Это странный режим «опыта», в котором «за» существующим проступает несуществование. Описывая мир неразличимости, в котором всё слипается со всем, наш автор пишет: «Вестники не умеют соединять одно с другим. Но они наблюдают первоначальное соединение существующего с несуществующим» [4, с. 771]. Друскин пытается поместить себя и читателя в эту невозможную (с точки зрения мира, в котором мы обычно живем) перспективу, в этот противоестественный «разрез мира» [4, с. 779]. Проблема только в том, что в нем ничего не остается; тогда о чем же мы говорим?

В результате феноменологической редукции что-то остается, сущность или что-то другое, но не должно ничего оставаться -- это и сделано в моем «Практическом основоположении». Различие между Гуссерлем и мною -- различие между Западом и Россией: если что-либо остается, то нет Бога, если ничего не остаётся -- есть Бог [5, с. 420].

Похоже на что-то философское: феноменологическая фантастика

В 1993 г., вводя в научный оборот философские сочинения обэриутов и чинарей, редакция журнала «Логос» дала к ним такую подводку:

Иногда трудно отогнать от себя мысль, что все эти необычные размышления Введенского, Хармса, Друскина и Липавского скорее похожи на что-то философское, чем им на самом деле являются... [10, с. 139]
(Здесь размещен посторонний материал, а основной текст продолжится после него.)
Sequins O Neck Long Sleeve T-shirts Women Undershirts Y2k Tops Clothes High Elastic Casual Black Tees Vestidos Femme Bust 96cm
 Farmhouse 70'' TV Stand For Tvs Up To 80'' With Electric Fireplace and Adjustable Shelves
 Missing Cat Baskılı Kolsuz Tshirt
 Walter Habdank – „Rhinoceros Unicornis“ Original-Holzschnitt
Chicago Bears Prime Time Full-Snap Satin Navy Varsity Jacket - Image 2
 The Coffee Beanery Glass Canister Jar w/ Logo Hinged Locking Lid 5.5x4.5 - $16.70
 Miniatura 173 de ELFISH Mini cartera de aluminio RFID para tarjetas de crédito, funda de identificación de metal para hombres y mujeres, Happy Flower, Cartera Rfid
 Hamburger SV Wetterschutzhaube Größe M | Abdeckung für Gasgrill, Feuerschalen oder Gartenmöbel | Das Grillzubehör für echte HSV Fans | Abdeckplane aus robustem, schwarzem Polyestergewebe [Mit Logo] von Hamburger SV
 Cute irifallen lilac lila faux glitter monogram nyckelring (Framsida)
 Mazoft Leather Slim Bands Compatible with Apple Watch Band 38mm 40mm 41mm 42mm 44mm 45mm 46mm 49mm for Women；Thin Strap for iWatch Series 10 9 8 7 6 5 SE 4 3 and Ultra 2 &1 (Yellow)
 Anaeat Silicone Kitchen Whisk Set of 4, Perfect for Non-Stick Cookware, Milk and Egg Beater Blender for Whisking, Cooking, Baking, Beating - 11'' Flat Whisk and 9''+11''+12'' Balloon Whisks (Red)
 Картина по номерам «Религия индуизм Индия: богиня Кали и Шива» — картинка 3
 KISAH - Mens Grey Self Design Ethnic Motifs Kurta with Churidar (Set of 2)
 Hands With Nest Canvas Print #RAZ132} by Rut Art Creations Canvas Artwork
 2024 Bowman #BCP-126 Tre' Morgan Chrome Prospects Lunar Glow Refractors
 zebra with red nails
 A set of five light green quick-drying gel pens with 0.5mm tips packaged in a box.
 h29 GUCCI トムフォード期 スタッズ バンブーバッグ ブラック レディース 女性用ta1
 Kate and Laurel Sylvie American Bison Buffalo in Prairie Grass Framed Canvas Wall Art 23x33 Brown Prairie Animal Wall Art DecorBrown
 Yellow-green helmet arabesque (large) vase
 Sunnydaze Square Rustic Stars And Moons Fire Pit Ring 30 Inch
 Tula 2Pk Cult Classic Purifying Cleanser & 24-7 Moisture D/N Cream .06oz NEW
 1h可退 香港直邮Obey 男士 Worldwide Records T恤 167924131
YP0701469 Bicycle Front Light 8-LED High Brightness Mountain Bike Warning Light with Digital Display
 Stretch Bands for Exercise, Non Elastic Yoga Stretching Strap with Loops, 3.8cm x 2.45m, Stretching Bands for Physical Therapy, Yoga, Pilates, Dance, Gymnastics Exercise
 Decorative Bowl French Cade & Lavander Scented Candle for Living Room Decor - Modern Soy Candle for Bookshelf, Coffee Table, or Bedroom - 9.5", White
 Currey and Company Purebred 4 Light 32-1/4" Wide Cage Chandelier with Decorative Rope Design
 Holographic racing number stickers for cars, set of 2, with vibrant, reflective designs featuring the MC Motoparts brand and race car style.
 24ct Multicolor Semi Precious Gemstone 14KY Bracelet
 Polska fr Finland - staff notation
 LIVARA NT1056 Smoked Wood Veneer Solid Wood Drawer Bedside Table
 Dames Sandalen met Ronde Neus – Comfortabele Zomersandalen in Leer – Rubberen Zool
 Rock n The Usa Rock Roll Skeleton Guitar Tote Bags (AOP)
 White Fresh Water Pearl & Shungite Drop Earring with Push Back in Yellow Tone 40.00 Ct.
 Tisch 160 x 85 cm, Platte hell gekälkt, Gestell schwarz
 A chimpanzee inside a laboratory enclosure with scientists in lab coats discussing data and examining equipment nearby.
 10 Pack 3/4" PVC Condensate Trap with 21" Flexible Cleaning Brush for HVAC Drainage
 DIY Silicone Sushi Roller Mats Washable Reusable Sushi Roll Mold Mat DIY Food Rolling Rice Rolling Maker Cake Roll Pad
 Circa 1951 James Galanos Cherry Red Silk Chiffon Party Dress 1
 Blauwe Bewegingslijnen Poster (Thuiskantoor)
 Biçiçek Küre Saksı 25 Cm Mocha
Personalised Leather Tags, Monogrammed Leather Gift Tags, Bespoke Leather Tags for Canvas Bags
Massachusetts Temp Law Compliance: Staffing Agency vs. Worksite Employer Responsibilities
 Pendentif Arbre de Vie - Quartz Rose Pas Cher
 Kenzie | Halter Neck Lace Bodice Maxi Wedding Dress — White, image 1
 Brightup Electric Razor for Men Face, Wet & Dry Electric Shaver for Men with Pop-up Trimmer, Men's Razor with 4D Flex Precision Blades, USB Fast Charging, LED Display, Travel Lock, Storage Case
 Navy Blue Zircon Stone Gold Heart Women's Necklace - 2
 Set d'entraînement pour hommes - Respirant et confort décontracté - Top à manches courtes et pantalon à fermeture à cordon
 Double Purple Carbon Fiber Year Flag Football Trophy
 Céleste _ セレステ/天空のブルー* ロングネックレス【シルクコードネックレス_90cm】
На это можно было бы возразить: иногда трудно отогнать от себя мысль, что многие конвенциональные предположительно философские размышления скорее похожи на что-то философское, чем им на самом деле являются. Но мы понимаем, о чем идет речь, есть особый род текстов, для которых было бы совершенно достаточно стилистического сходства с философскими сочинениями. Приведу два фрагмента той же эпохи, что и «Разговоры вестников» Друскина: из трактата Хармса «Мыр» (1930) и из «Серой тетради» (1932) Введенского:

Только я понял, что я вижу мир, как я перестал его видеть. Я испугался, думая, что мир рухнул. Но пока я так думал, я понял, что если бы рухнул мир, то я бы так уже не думал. И я смотрел, ища мир, но не находил его.

А потом и смотреть стало некуда [15, с. 310].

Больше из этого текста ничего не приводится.